Do As I Say, Not As I Do: A Look At Search Engines & SEO Best Practices
Now that the holidays are upon us, we all probably could use some cheering up. So I thought I’d have some fun with our favorite search engines: Google, Yahoo, Bing, YouTube, and Blekko. At Nine By Blue, I have been developing software that automatically checks sites for technical SEO best practices. Normally we run it […]
Now that the holidays are upon us, we all probably could use some cheering up. So I thought I’d have some fun with our favorite search engines: Google, Yahoo, Bing, YouTube, and Blekko.
At Nine By Blue, I have been developing software that automatically checks sites for technical SEO best practices. Normally we run it on our clients’s sites to quickly check for issues and monitor them for any future problems.
But I was curious to see what I would find if I pointed the software at some typical pages on the search engines’s sites and then compare their implementations with the technical SEO best practices that we typically recommend.
Below is a list of some of the issues that I found in no particular order.
Disclaimer #1: This list is intended to point out how difficult it is to fully optimize a site for SEO, especially large-scale enterprise sites. I’m not claiming that I could have done any better, even if I had full control of these sites.
Disclaimer #2: Yes, I’m aware of Google’s SEO report card, but I have never read it because it is too long. Also, I didn’t want to be influenced by it.
Use a Link Rel=Canonical Tag On The Homepage
Most of the sites that I reviewed had many different URLs that lead to the home page. This can be because of tracking parameters (i.e. http://www.site.com/?ref=affilliate1) or default file names (i.e. http://www.site.com/index.php), or even duplicate subdomains (http://www1.site.com/).

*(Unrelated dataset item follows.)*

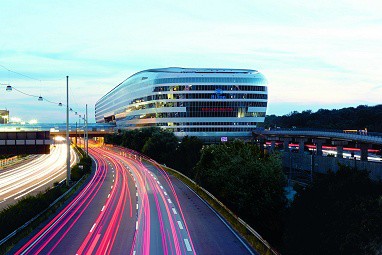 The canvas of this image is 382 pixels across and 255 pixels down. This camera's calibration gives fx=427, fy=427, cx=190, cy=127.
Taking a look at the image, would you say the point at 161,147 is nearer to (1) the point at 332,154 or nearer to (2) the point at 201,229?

Because of this, I always recommend putting a link rel=canonical tag on the home page. This ensures that links to these different home page URLs all get counted as pointing to the same URL. I also recommend adding this tag for any other pages that might have similar issues.
I was surprised to find that Bing was the only site that had a proper link rel=canonical tag on the home page.
YouTube also has a link rel=canonical tag, but it was pointing to an improper URL “/” instead of the full URL “http://www.youtube.com/”.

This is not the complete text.